The software is divided into three major functional modules namely the α-factor model, the β-factor model, and the square root model. These three functional modules correct system failure probabilities due to CCFs and output the analysis results in PDF or excel format. The software flow is shown in Figure 7, and the processes of the three CCF probability models are shown in Figure 8.

The main page of the software includes a brief introduction to the software’s functions, a brief description of the three CCF models, and a model selection function, as shown in Figure 9a. The functional module pages for the α-factor model, β-factor model and Square Root mod el are shown in Figure 9b, Figure 9c and Figure 9d, respectively. These modules allow users to input system parameters, select redundancy configurations, and obtain CCF probability calculations in a structured and intuitive manner.

4.2. Software Function Testing and Case Verification

This section uses the software to calculate the CCF probability of the three systems in Section 3.1, Section 3.2 and Section 3.3, verifying that the software calculation results are consistent with the theoretical calculation results. The verification process is in Appendix A.

In particular, the tabular results clearly list the intermediate parameters (e.g., S_D, S_DU, β values) and the final corrected system failure probability, and the report provides a structured summary suitable for engineering documentation.

The accuracy and reliability of the software in complex system reliability analysis have been effectively verified.

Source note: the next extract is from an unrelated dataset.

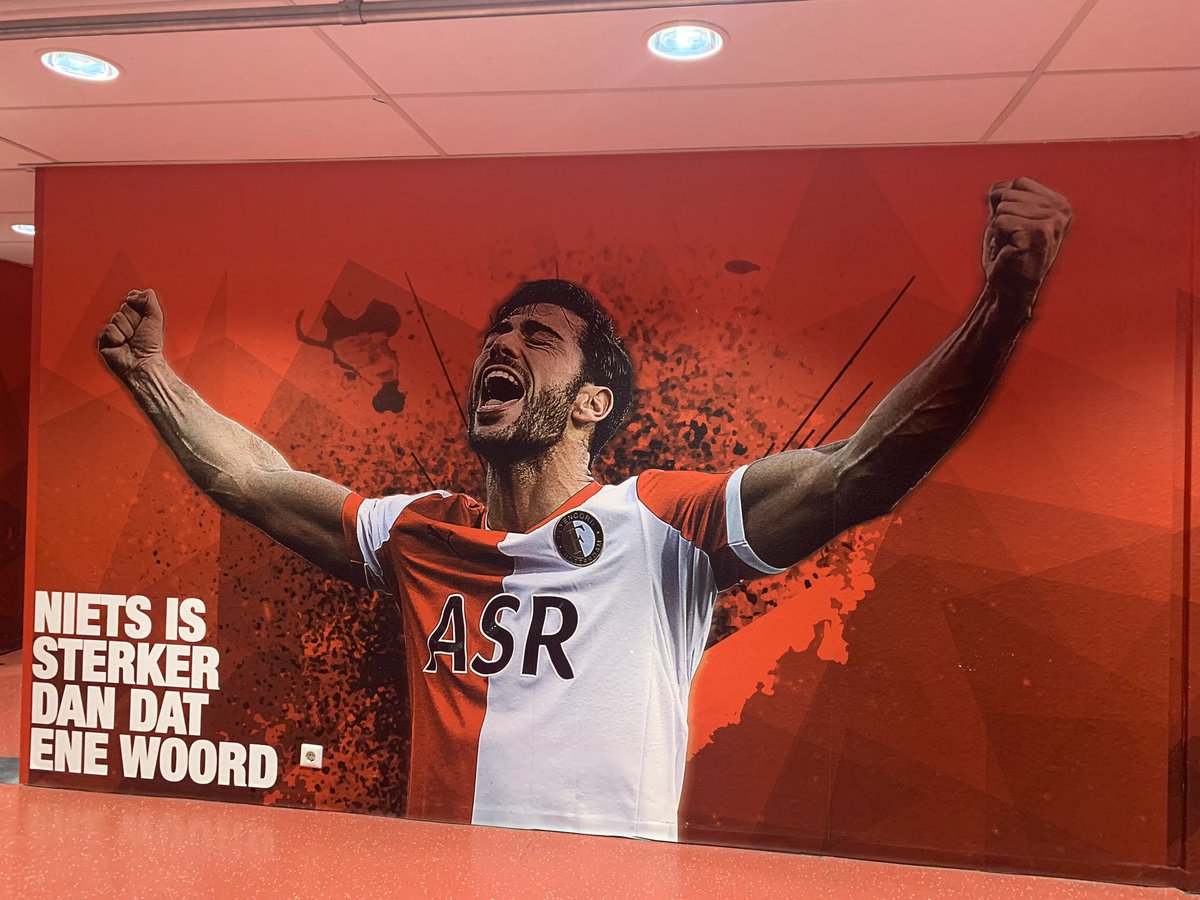 A behind the scenes tour of the Feyenoord Stadium in Rotterdam The Netherlands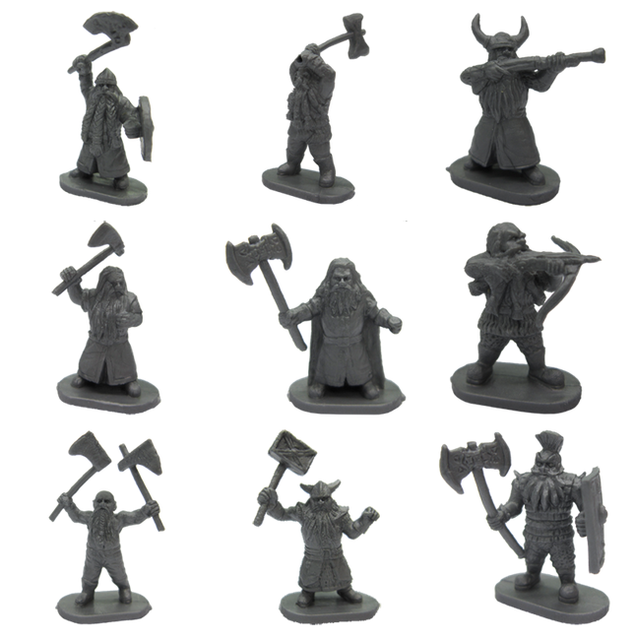 Dwarf miniatures are now available at The Game Crafter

Moreover, the visual interface improves usability by reducing manual input errors, and the automated reporting function significantly decreases the time required for analysis, which demonstrate the software’s value in practical applications.

5. Conclusions

The results of this study demonstrate that the constructed model can effectively quantify the impact of CCFs across different application scenarios and redundancy configurations. Analyses of the aircraft battery system, the rocket bolt connection system, and the three-redundancy TRU system verify the universality and accuracy of the model. The developed software further confirms the efficiency and practicality of the approach in engineering applications, reducing manual calculation errors and time costs. These findings highlight the significant value of the model and tool in reliability assessment of complex engineering systems.

At present, the parameters of the model are regarded as deterministic, and the influence of input uncertainty on the estimation of failure probability has not been captured. It is still necessary to conduct more extensive validation of the model for different operation datasets. These restrictions define the boundaries of current work and also point out a clear direction for future research and improvement.

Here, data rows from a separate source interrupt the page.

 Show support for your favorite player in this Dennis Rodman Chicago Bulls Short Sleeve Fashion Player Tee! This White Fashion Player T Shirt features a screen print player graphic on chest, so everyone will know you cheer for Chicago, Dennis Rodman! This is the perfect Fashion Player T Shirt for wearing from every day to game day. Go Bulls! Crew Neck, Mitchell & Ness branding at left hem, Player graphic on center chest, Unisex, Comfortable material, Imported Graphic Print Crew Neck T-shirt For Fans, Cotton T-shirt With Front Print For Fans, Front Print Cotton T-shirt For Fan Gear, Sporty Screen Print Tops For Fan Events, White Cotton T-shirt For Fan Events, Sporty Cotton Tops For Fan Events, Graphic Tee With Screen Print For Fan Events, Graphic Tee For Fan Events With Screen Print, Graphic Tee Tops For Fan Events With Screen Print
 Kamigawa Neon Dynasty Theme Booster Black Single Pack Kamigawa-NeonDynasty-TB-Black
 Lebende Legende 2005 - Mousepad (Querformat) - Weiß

In the future, a multi-objective optimization model integrating reliability, operating cost, and maintenance cost will be constructed for redundant systems to provide multi-angle optimization suggestions for system design. Meanwhile, further research will incorporate the sensitivity study of the uncertainty of input parameters to the results and construct the feedback loop of the model to enhance the accuracy of failure probability estimation. It will also be verified against a broader range of operational and experimental reliability datasets, and the model will be optimized to expand its applicability in actual engineering environments.